By David Horvitz
Before addressing the issues concerning student exhibitions in the Gund Gallery, I wanted to say that I am tremendously proud of what the gallery has accomplished in a few short years. It has raised the profile of visual arts at Kenyon. It has had tangible benefits for admissions. It has helped in the recruitment of faculty and staff. It has raised the profile of the College worldwide. The Gund Gallery is already recognized as one of the leading college teaching and learning museums nationally. The gallery has become a gathering place for faculty, students and the community at large. Gallery exhibitions and programming are extremely popular and are being recognized far beyond Gambier and Mount Vernon. The Gund Associates program is being copied by other institutions. All of this together has been transformational for the liberal arts experience of Kenyon College students. Remarkable, really.
Up until three years ago and for most of Kenyon’s existence, the visual arts were relegated to inadequate facilities (that’s an extraordinary understatement) and were really not a priority of the College except for a small, passionate group of faculty and students. For the rest of the students, the rest of the faculty, the administration and the community at large, visual arts were not an area of focus. Kenyon had a minimal collection and no place to show it except for a makeshift gallery in Olin. Curated exhibitions and exhibitions borrowed from other institutions were virtually nonexistent. Faculty seldom, if ever, taught from objects. Now, faculty are creating new and exciting ways to use art to make their points and help students use the creative process in different ways to solve problems in fields as diverse as sociology and physics. Students are now having their lives changed by intense engagement with the works themselves.

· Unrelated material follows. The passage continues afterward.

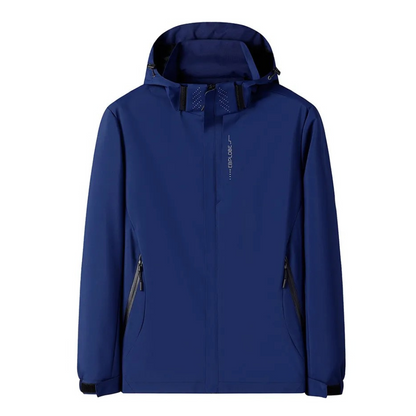 Men's Blue Hooded Waterproof Windbreaker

From its very beginning this new museum/gallery was to be used as a resource for all students at the College. An investment like this would only be made if it would benefit the entirety of Kenyon College. There is another building on campus that focuses on studio art, one that I am proud to have been a part of. While students can be and often are good artists, and with time and experience may even become great artists, the art I believe we should show and create programming around is the best art from the 20th and 21st centuries. These are works culled from our growing and extraordinary collection of world-class modern and contemporary art, exhibitions the staff mounts or exhibitions the staff borrows, all of which are intended to benefit the entire liberal arts experience. This is the mission of the Gund Gallery.
The Gund Gallery has a limited number of days in the year where it can use its resources to fulfill its mission, where students, where faculty and where the community can experience this close-up relationship with the art and where faculty can use this art in their curricula. If significant space and time are taken away from this opportunity, space and time that will benefit only a very small part of the student body, the result will be an underutilization of this resource. For the reasons set forth above, very few of the best college or university art museums in the country have student exhibitions in their main galleries. Oberlin does not have them. Williams does not have them. Bowdoin does not have them. The Tang Museum at Skidmore only shows student art beginning in May and ending at Commencement.
However, Kenyon has a history of providing exhibitions of senior student exercises. Gund Gallery, working with the administration and with faculty, has creatively devised a way to accommodate this history while still allowing the Gallery to fulfill its fundamental mission to the entire Kenyon community. I applaud the efforts of the director, the provost and the president in creating this accommodation where everyone wins.
David Horvitz ’74 is a member of the Board of Trustees. He is chairman of WLD Enterprises Inc. in Fort Lauderdale, Fla.